The spot-market price of crude oil fell sharply yesterday following the failure of members of the Organization of Petroleum Exporting Countries to agree on new production quotas, and a number of analysts forecast a continuing decline in world oil prices in the first half of 1983.

Despite the agreement of OPEC ministers at this week's meeting in Vienna to stick with the benchmark price of $34 a barrel established in September, 1981, the belief of oil companies that rampant price cutting will accelerate was reflected in a drop in the spot-market price to $30.40.

Some analysts said if crude prices continue to slide and consumer demand remains weak, the retail price of gasoline may not rise despite enactment by Congress yesterday of a nickel-a-gallon increase in the federal gasoline tax.

While few analysts yesterday were predicting the imminent demise of OPEC or a precipitious fall in oil prices, most agreed the cartel's effectiveness in propping up petroleum prices had been greatly diminished by its inability to agree to limits on how much each member will sell.

John C. Sawhill, a former deputy secretary of energy who is now a senior partner with McKinsey & Co., said he felt Saudi Arabia would probably cut its prices at some point in 1983 "to send a strong signal to the other OPEC countries" of the need for agreement on national quotas.

Sawhill said he anticipated crude oil prices would decline by $2 to $4 per barrel in coming months.

"I think a real price break is not going to take place in 1983, but an erosion is a real possibility," said John Lichtblau, president of the Petroleum Industry Research Foundation. "There is no way oil prices could increase in 1983 short of a Middle East war or a revolution in Saudi Arabia.

"If crude oil prices decline, most of that will be passed on to the consumer because of the excess refining capacity," Lichtblau predicted.
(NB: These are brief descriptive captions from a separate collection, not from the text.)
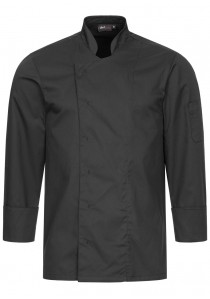 Herren Kochjacke (Chef Jacket) in schwarz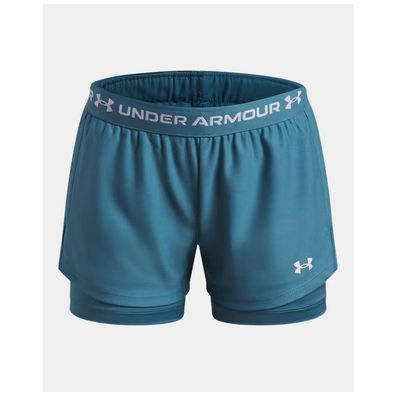 Under Armour Kinder Sportshorts Tech Play Up 2N1 Shorts 6004985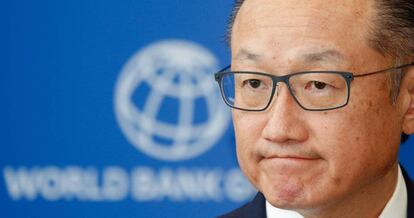 El presidente del Banco Mundial, Jim Yong Kim.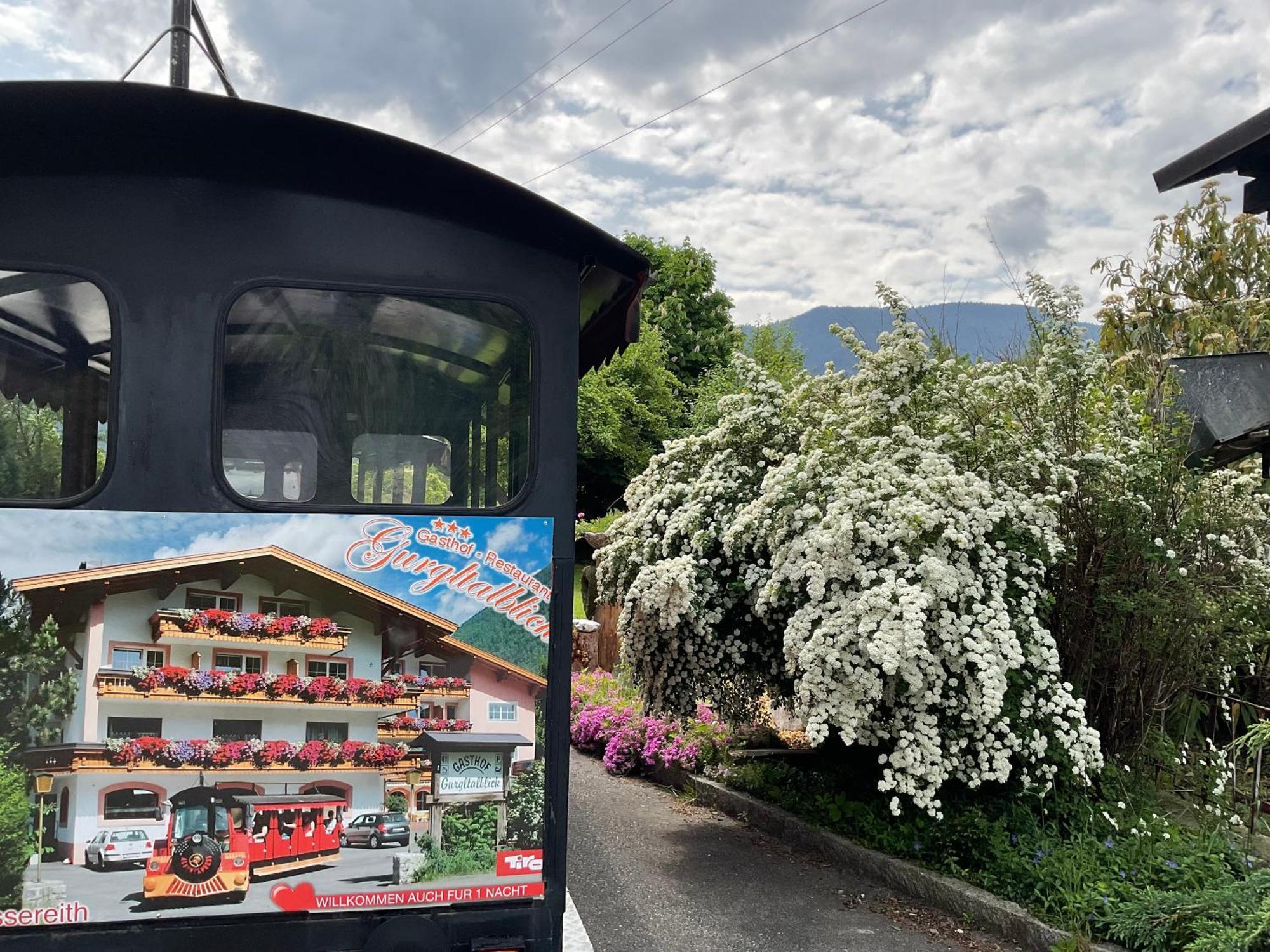 Alpenhotel Gurgltalblick Nassereith Exterior foto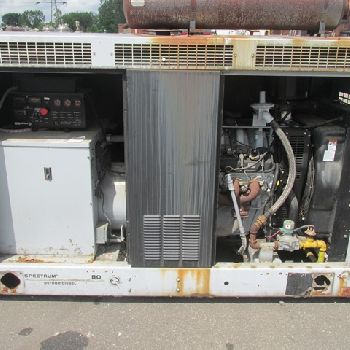 81 KWSpectrumDetroit Diesel #80GSG, Generator,277/480 V., 2002, #2843-1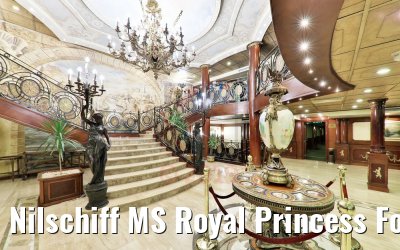 Nilschiff MS Royal Princess Foyer und Atrium Nilschiff MS Royal Princess Foyer und Atrium
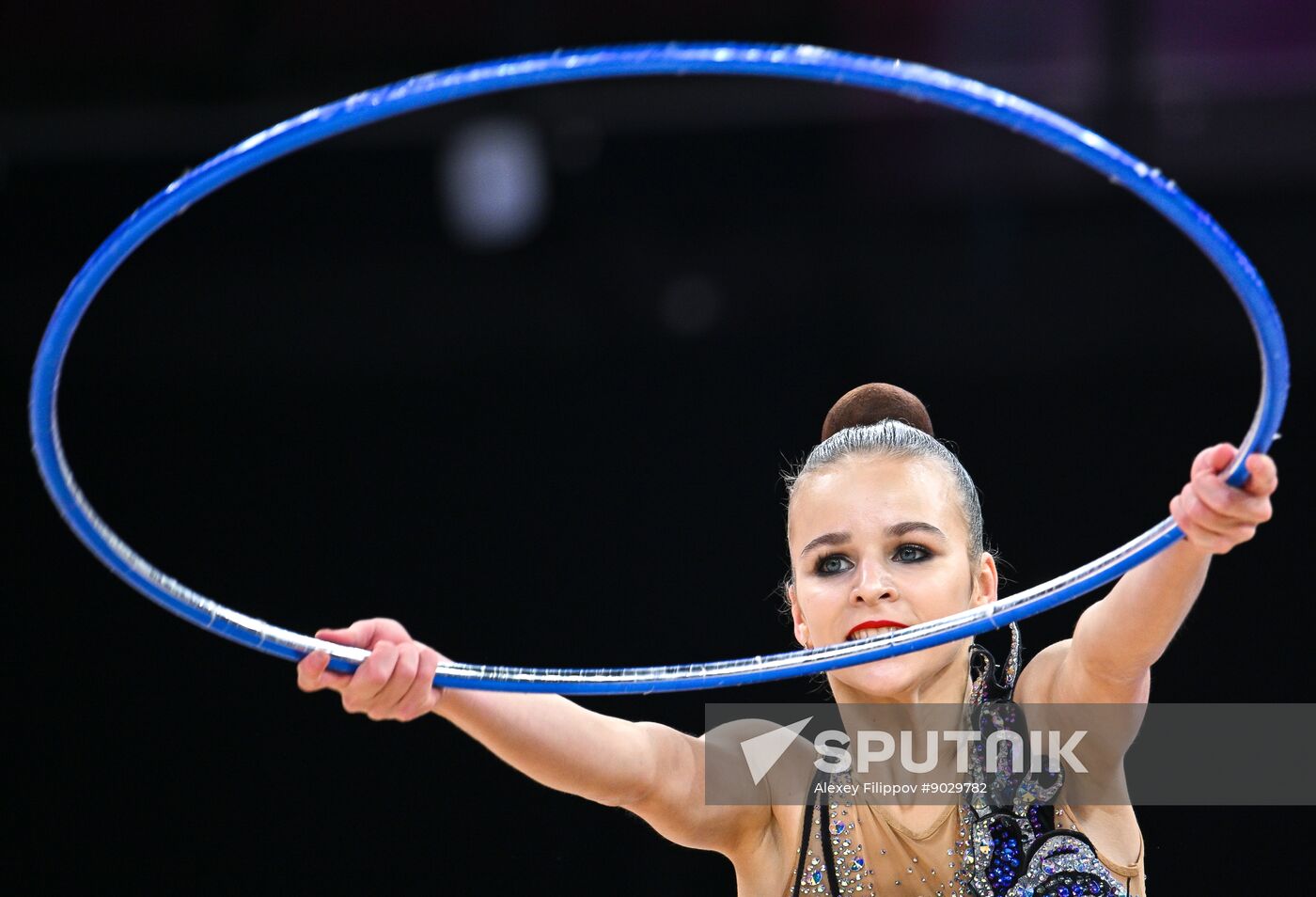 Russia Rhythmic Gymnastics Top Gymnasts Cup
Since there are 42 gallons in a barrel, a $1 decline in the price of a barrel suggests a decrease of about 2 cents a gallon.

Edward Murphy, director of statistics for the American Petroleum Institute, also predicted that with demand weak and the oil companies battling for gasoline customers, "most if not all of any crude decrease would be passed through" to the motorist.

Dan Lundberg, publisher of a weekly newsletter that surveys nationwide gasoline prices, said retail gasoline prices already have dropped almost 10 cents a gallon since the beginning of 1982, and said he thought prices would continue to drop "by as much as a penny and a half a month into spring."

This marks a sharp reversal of the trend that saw a 6.5-cent increase in gasoline prices in 1981 and a 10-cent increase in gasoline prices in 1980, and raises the possibility that by May, motorists may find prices at the gas pump are back at the level of two years ago.

"There is no sign of anything causing prices to increase," Lundberg said.

At the same time, Lundberg said that despite isolated reports of leaded gasoline being sold for under $1 per gallon, he saw "no way" that gasoline prices would ever return to that level on a widespread basis. The average overall price of gas nationwide was $1.23 cents a gallon as of Dec. 17, he said.

A number of analysts noted yesterday that if the kind of fall in crude oil prices did occur that could lead to sharply lower gasoline and home heating oil prices, the impact on other segments of the American economy would be close to disastrous.

"It is not impossible that there will be a precipitous price break," said Walter Levy, an international petroleum consultant. "But if the price went to $20, the trouble that would be caused would be enormous.

"For this country, the immediate impact would be most serious in terms of the solvency of our energy industry and the liquidity of our banking system," Levy said. "And if oil prices should fall that precipitiously and stay low for any period of time, it would be the basis for a new oil crisis in due course."